O Fundo Monetário Internacional (FMI) e o Governo da Guiné-Bissau alcançaram um acordo técnico sobre políticas económicas que poderão permitir a conclusão da nona revisão do Programa de Facilidade de Crédito Alargado (ECF). A aprovação final dependerá da gestão e do Conselho Executivo do FMI, após a implementação das medidas previamente acordadas.

Com a conclusão desta revisão, o país poderá aceder a 3,2 milhões de dólares norte-americanos, elevando o total desembolsado no âmbito do programa para 51,3 milhões de dólares. O acordo surge após uma missão técnica liderada por Niko Hobdari, chefe da missão do FMI para a Guiné-Bissau, que decorreu em Bissau entre 23 de setembro e 3 de outubro de 2025.

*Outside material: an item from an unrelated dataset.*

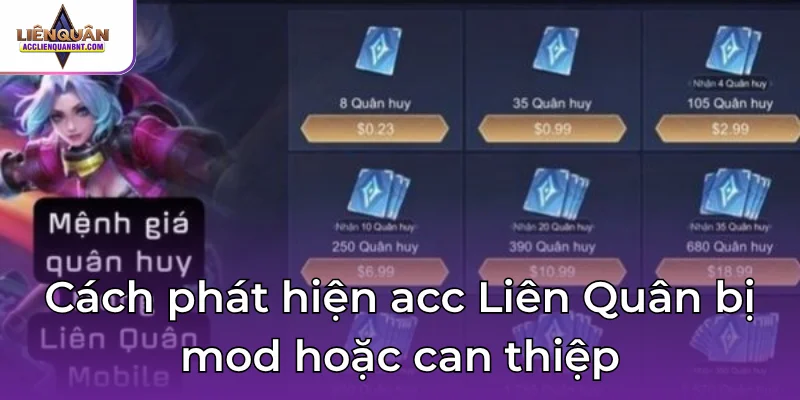 Mách bạn cách phát hiện acc Liên Quân bị mod hoặc can thiệp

O FMI prevê que a economia da Guiné-Bissau cresça 5,5% em 2025, impulsionada pela produção de caju e pela melhoria nos termos de troca, enquanto a inflação deverá recuar para 2%. Apesar de um desempenho misto — com sete dos dez critérios de desempenho quantitativo cumpridos — o governo reafirmou o seu compromisso com as reformas apoiadas pelo FMI.

Face a receitas fiscais inferiores ao esperado e despesas elevadas no primeiro semestre, as autoridades comprometeram-se a aplicar medidas corretivas para reduzir o défice orçamental para 4,2% do PIB em 2025 e 3,5% em 2026. Entre as reformas prioritárias destacam-se o reforço da administração fiscal, a redução das isenções tributárias, a implementação eficaz do IVA, o combate à corrupção e o investimento em infraestruturas e energia.

O FMI elogiou o empenho das autoridades bissau-guineenses e sublinhou a importância de manter o ímpeto reformista para garantir a estabilidade macroeconómica e promover um crescimento inclusivo e sustentável no país.